Action item:
Please output the entries that follow exactly, without a single image.

Image-text web data:

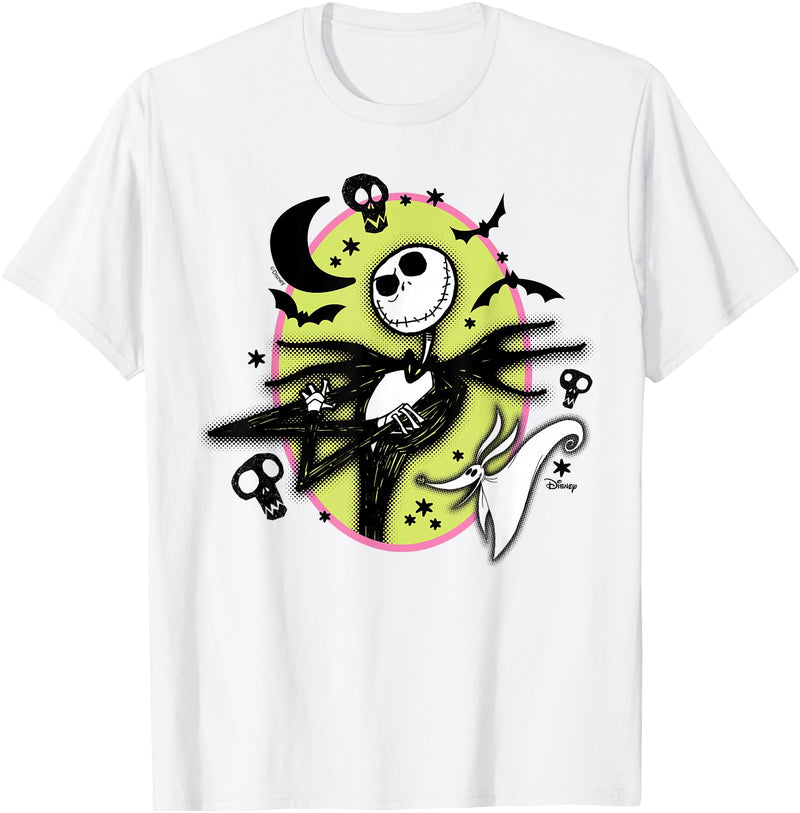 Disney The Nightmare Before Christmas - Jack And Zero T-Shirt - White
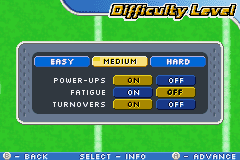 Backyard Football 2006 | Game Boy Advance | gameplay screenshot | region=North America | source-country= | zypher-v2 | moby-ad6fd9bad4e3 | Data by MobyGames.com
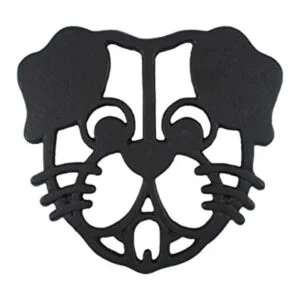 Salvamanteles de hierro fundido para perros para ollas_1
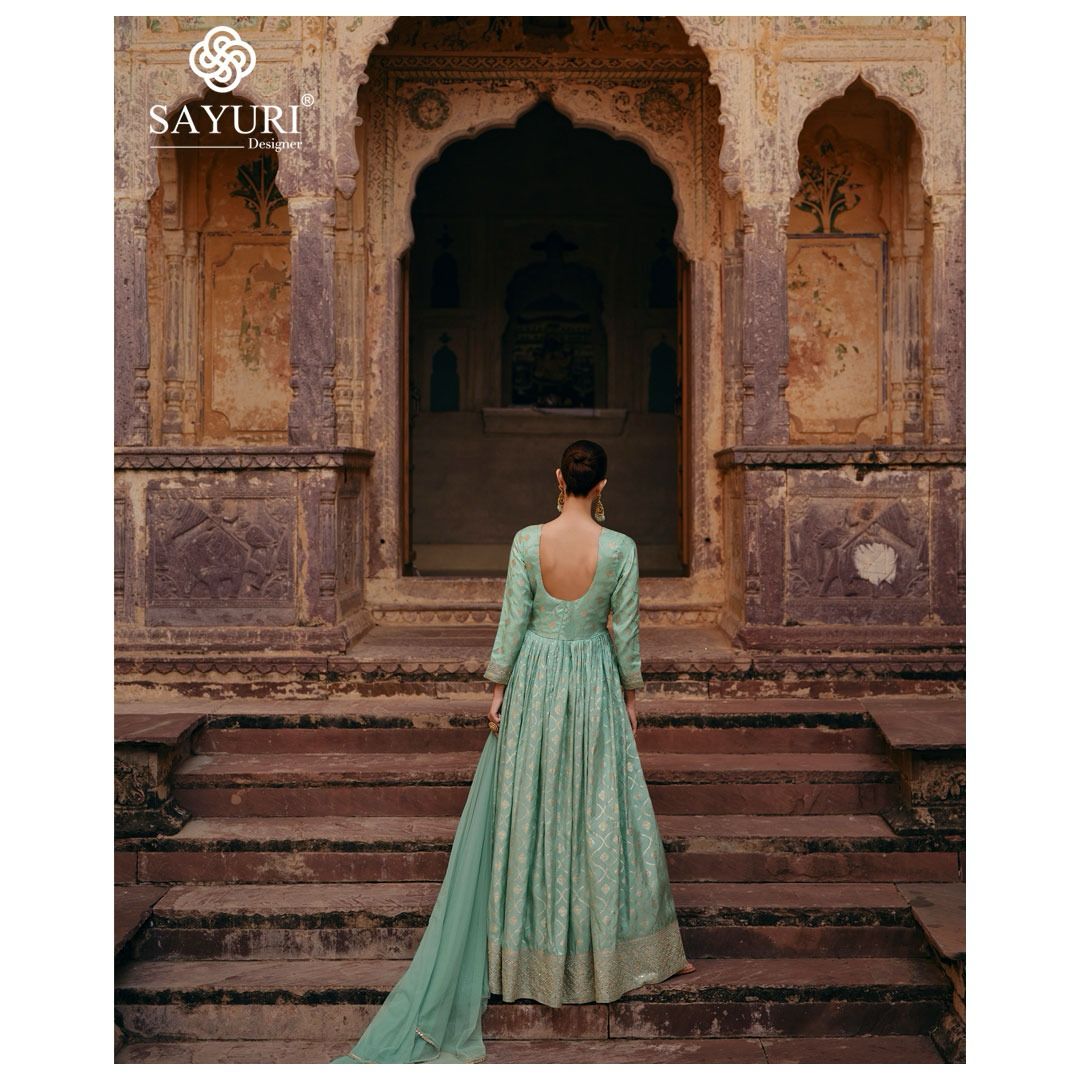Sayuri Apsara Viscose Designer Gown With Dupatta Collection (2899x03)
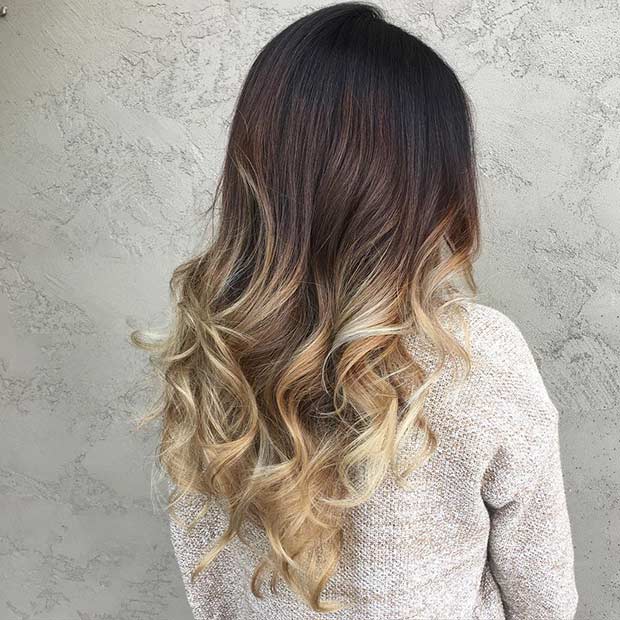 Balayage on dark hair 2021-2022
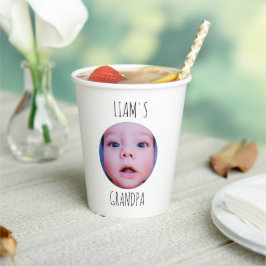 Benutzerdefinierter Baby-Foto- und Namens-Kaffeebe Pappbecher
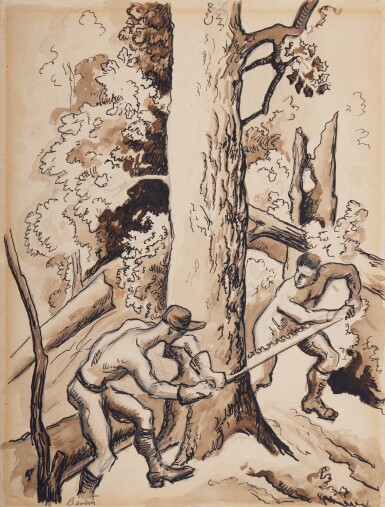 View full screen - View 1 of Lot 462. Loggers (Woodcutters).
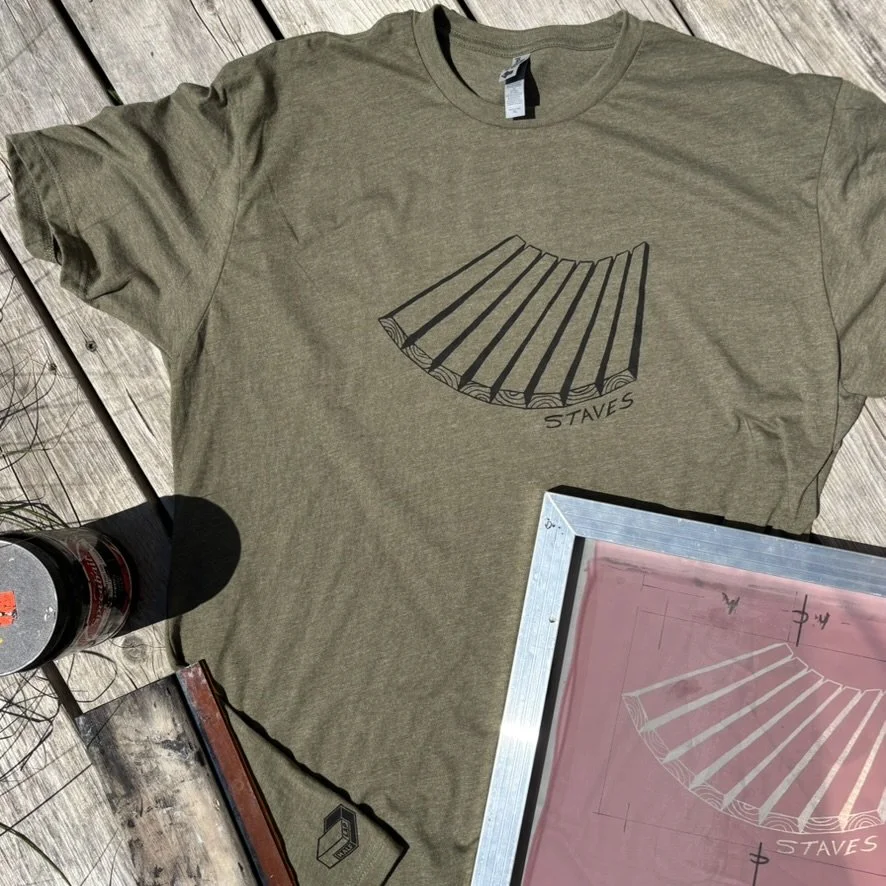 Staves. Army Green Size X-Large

Answer section:
 Disney The Nightmare Before Christmas - Jack And Zero T-Shirt - White
 Backyard Football 2006 | Game Boy Advance | gameplay screenshot | region=North America | source-country= | zypher-v2 | moby-ad6fd9bad4e3 | Data by MobyGames.com
 Salvamanteles de hierro fundido para perros para ollas_1
Sayuri Apsara Viscose Designer Gown With Dupatta Collection (2899x03)
 Balayage on dark hair 2021-2022
 Benutzerdefinierter Baby-Foto- und Namens-Kaffeebe Pappbecher
 View full screen - View 1 of Lot 462. Loggers (Woodcutters).
 Staves. Army Green Size X-Large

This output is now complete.